There were lots of trees around where I lived in Little Harwood but the best place to go conkering was to the town cemetery. It was a short 15-minute walk from home to the cemetery.
It was a quiet, spooky place. My friends and I felt scared and apprehensive. It was the thought of ghosts and the cemetery watchmen who I called 'Old Sam.' I never found out what he was really called. He would chase you away. If he caught you, you would be in a lot of trouble. Everyone was scared at the thought of police arrest; being scolded by our parents for playing in a place we should not have been.
These fears made our conker expedition all the more daring. It was these fears that made us not go alone. Collecting conkers was a group activity, which was done with your friends. Our fear was conquered by strength in numbers. As well as the abundance of conker bearing trees we also liked to visit interesting graves. The best was the Giant's grave.
My Gran had told me about Fred Kempster who was known as the British Giant. Our first activity on arriving in the cemetery was a pilgrimage to this grave. We marvelled at the length of his grave and exaggerated how tall he had been. We also left flowers on his grave. These were picked wild but sometimes mischief reigned and we ‘borrowed’ flowers from the gardens we passed on our way to the cemetery.
We never disturbed the graves we went by. We treated them with childish respect for we believed bad luck and scary things would happen to you if you messed about. It was okay to hide behind them but not to walk across them. It was for this reason that we checked most carefully the area around the ‘conker’ trees for we did not want to suffer misfortune by accidentally standing on someone’s grave.

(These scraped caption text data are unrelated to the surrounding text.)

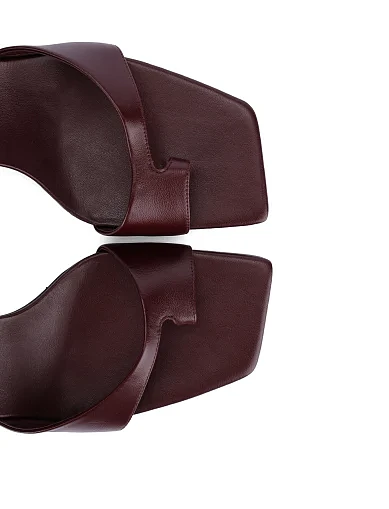 Босоніжки MIRATON(08904) - фото 4 - Miraton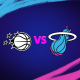 Orlando Magic vs Miami HEAT Transportation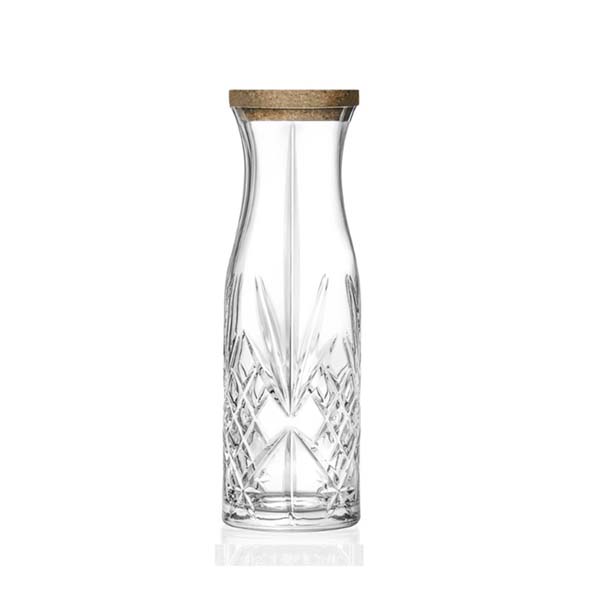 ΚΑΡΑΦΑ ΚΡΥΣΤΑΛΛΙΝΗ MELODIA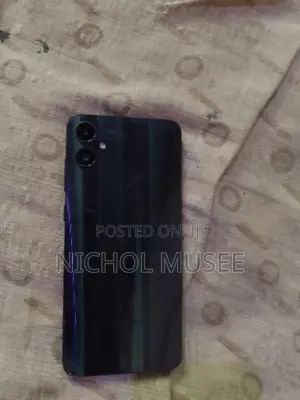 Samsung Galaxy A05 128 GB Blue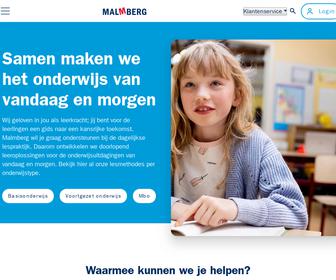http://www.malmberg.nl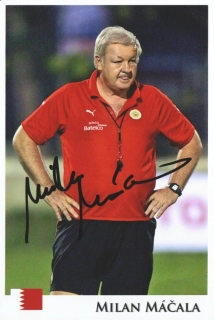 Milan Máčala (Bahrain)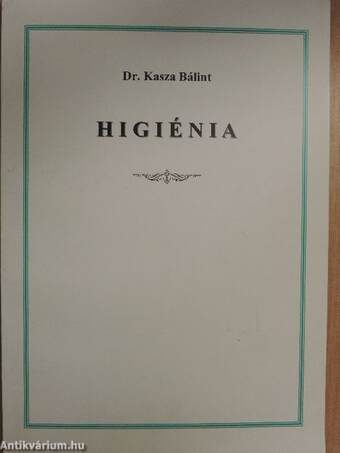 Higiénia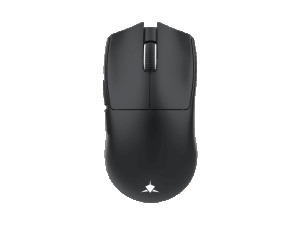 MIŠ White Shark WGM-5022 LUCAN / 12.000 DPI - Crni / Wireless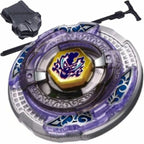 TAKARA TOMY Scythe Kronos T125EDS Metal Fury Beyblade Starter w/ Launcher BB-113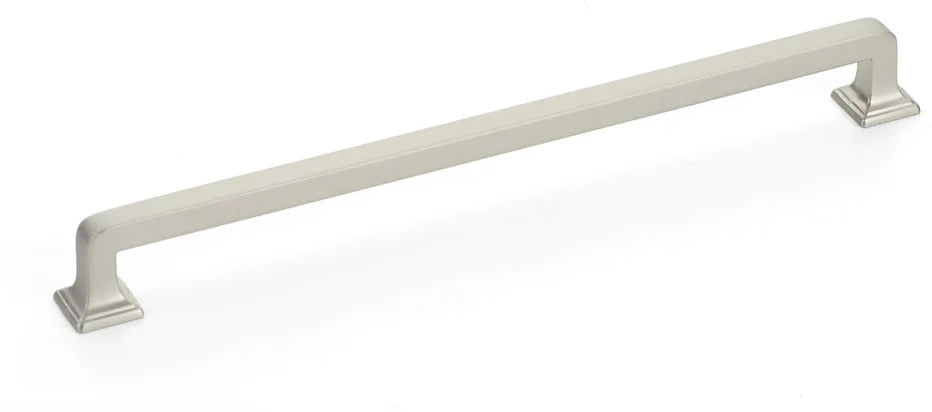 Menlo Park Pull, 10'' cc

Our first task was to search the ground for windfalls. These belonged to the person who found them so it was a free for all in this task. Once this was over there were the ones in the trees to collect. This was a task in which we needed to work together. The way we got the conkers to the ground was to throw sticks or stones into the trees. These missiles had first to be collected and this was a job for everyone.
We would take it in turns to throw the stones into the trees and then collect the conkers the stones dislodged. We would do this for a considerable time until it was judged that we had enough conkers to play the game the following day in the school playground.
It would be dusk as we made our way out of the cemetery. The gates were closed about 8:30pm so we did not want to be locked in and clamber over the wall to escape but more often than not that was how we had to leave for we had misjudged the time.
There was one occasion that Old Sam scared the living daylights out of us. He had seen us collecting conkers when he went to lock the gate. We did not know that he had hidden behind a grave. On our way out he suddenly appeared and we fled in terror and scrambled over the high wall in seconds.
Once on the other side a head count to ascertain that we had all escaped and with our pockets full of conkers we ran home. The scary experience ensured that our annual conker collecting expeditions were brought to an untimely end.
Trouble was in store for me when I got home because my new shoes were now badly scuffed and my new clothes were dirty. I got a telling off and was sent to bed early because of the state I was in.